Exercise input:

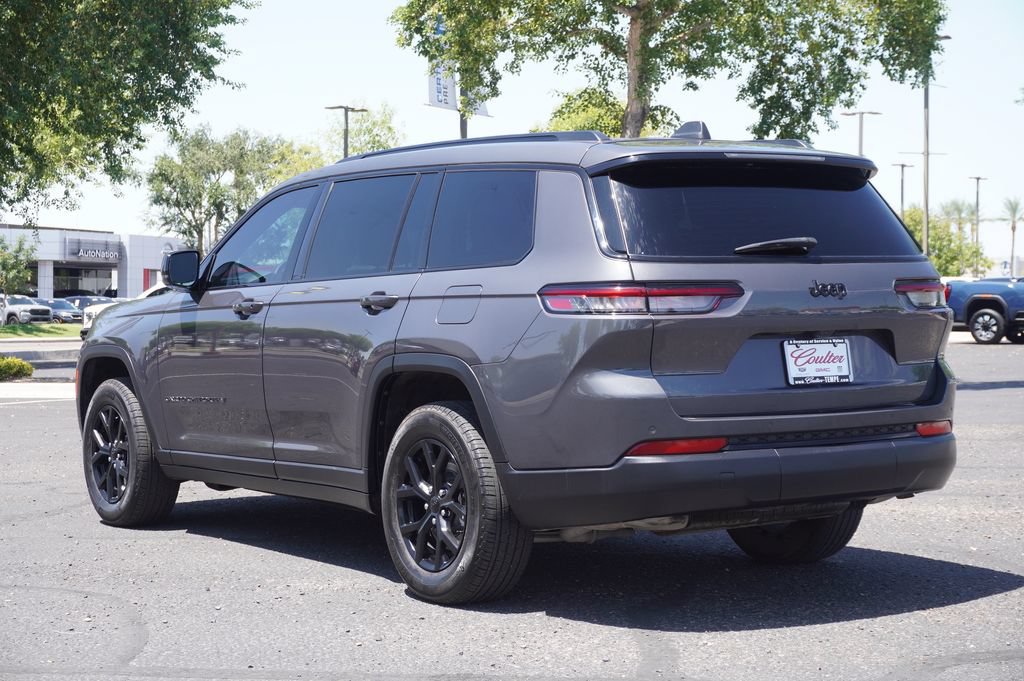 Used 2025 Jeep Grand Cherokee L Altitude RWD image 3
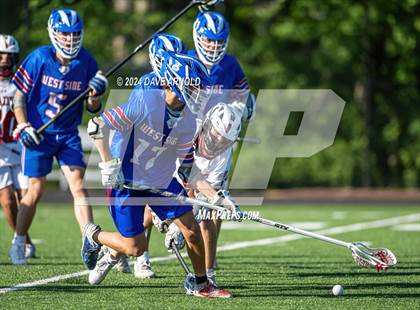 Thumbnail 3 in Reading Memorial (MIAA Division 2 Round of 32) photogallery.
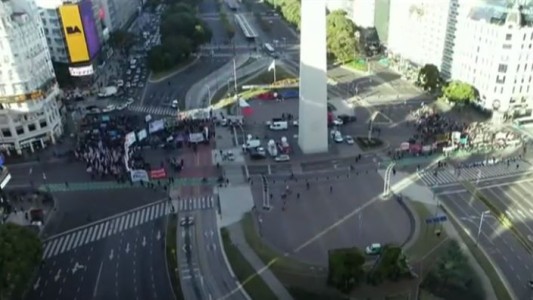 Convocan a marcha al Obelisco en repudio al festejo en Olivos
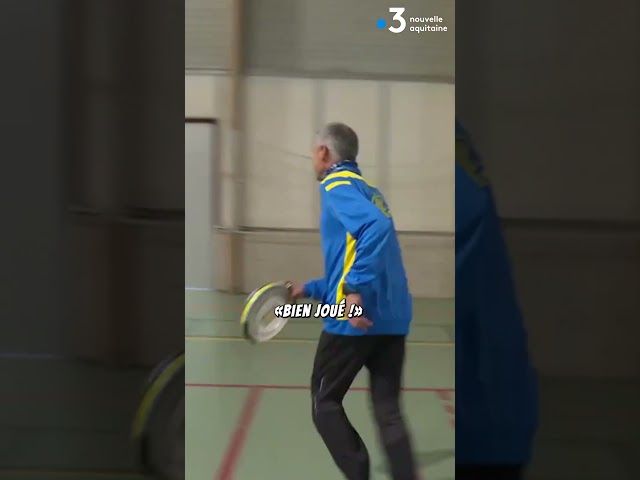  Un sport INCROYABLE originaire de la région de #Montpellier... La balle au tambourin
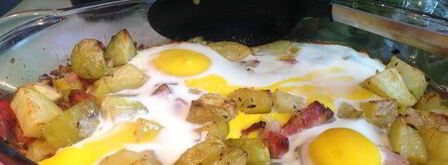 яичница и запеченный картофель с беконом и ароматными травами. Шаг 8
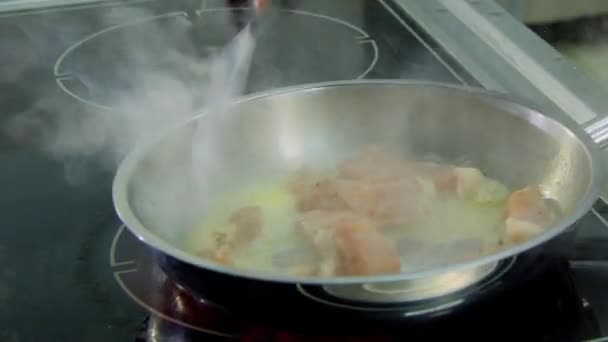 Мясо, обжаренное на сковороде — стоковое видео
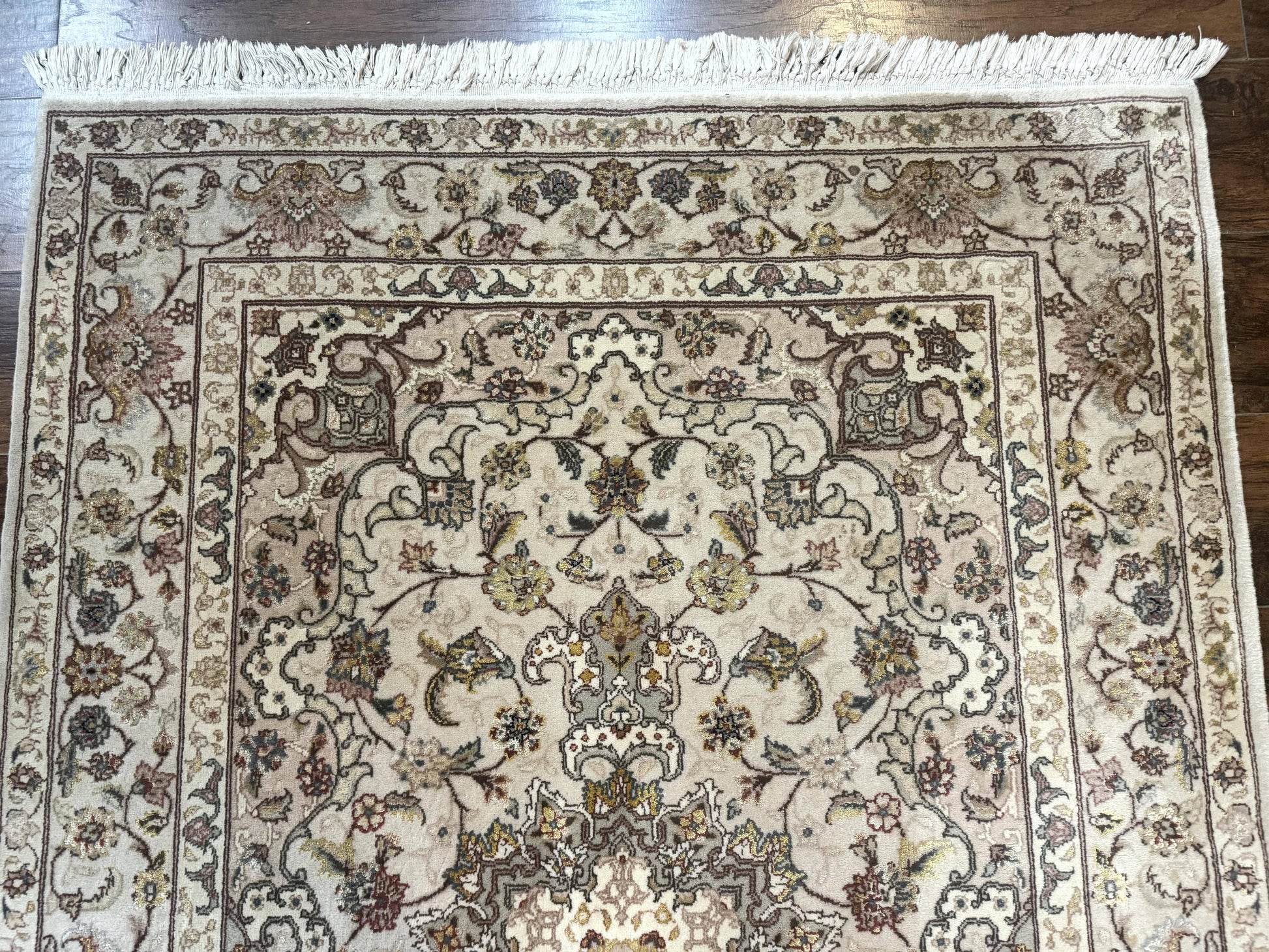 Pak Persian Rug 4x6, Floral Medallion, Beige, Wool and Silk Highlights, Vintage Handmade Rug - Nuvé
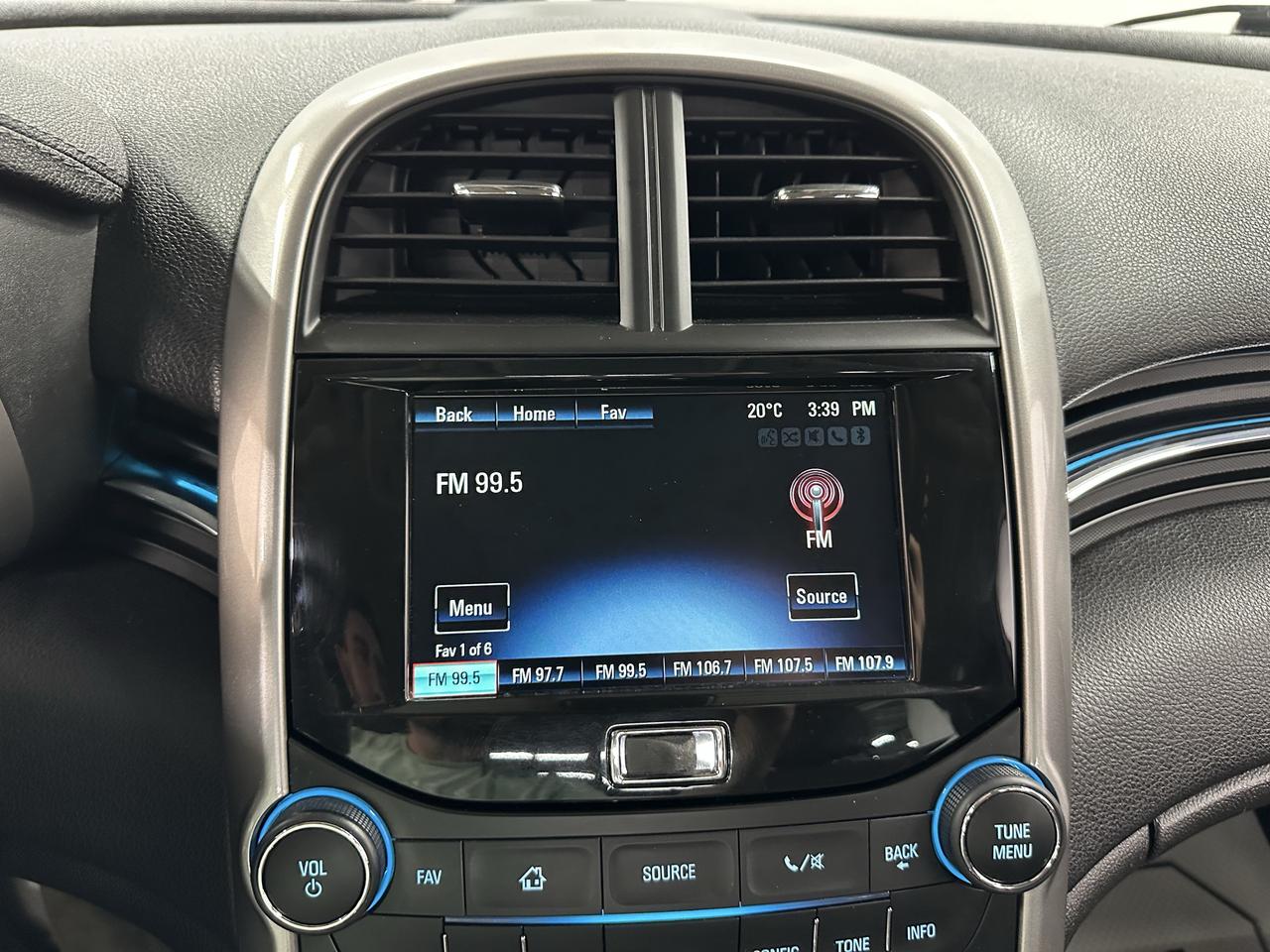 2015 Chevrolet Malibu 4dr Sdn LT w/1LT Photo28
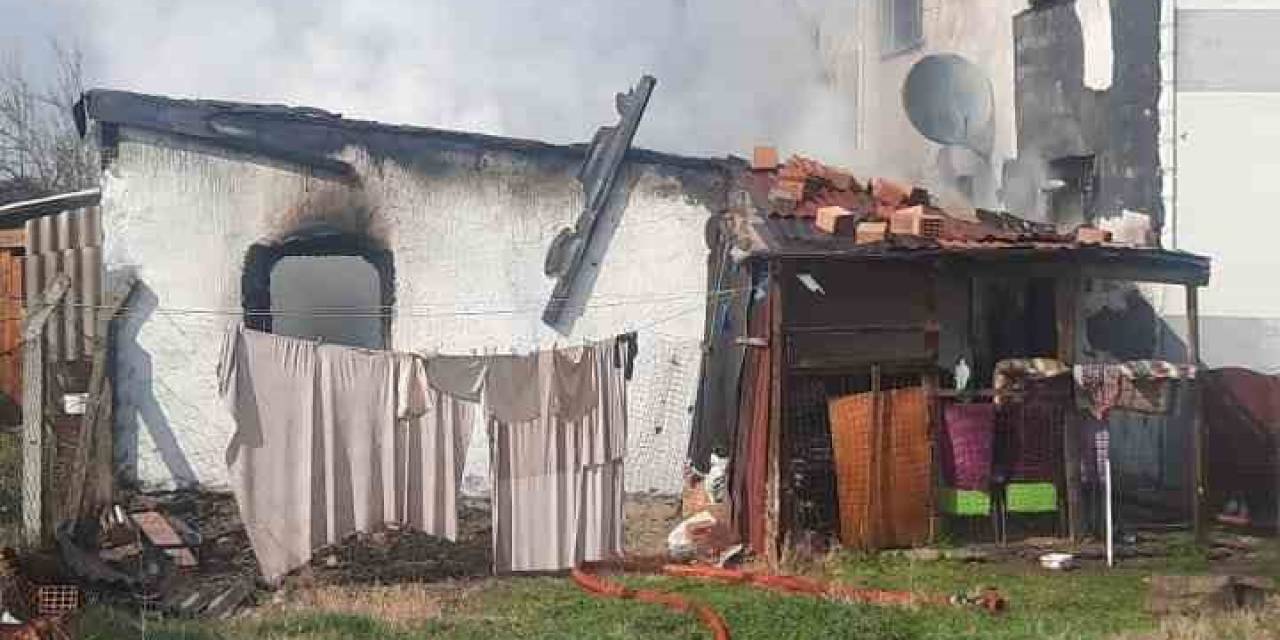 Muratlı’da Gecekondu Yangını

Task to carry out: Print every entry exactly as written, without the pictures.

Answer to the exercise:
 Used 2025 Jeep Grand Cherokee L Altitude RWD image 3
 Thumbnail 3 in Reading Memorial (MIAA Division 2 Round of 32) photogallery.
 Convocan a marcha al Obelisco en repudio al festejo en Olivos
  Un sport INCROYABLE originaire de la région de #Montpellier... La balle au tambourin
 яичница и запеченный картофель с беконом и ароматными травами. Шаг 8
 Мясо, обжаренное на сковороде — стоковое видео
 Pak Persian Rug 4x6, Floral Medallion, Beige, Wool and Silk Highlights, Vintage Handmade Rug - Nuvé
 2015 Chevrolet Malibu 4dr Sdn LT w/1LT Photo28
 Muratlı’da Gecekondu Yangını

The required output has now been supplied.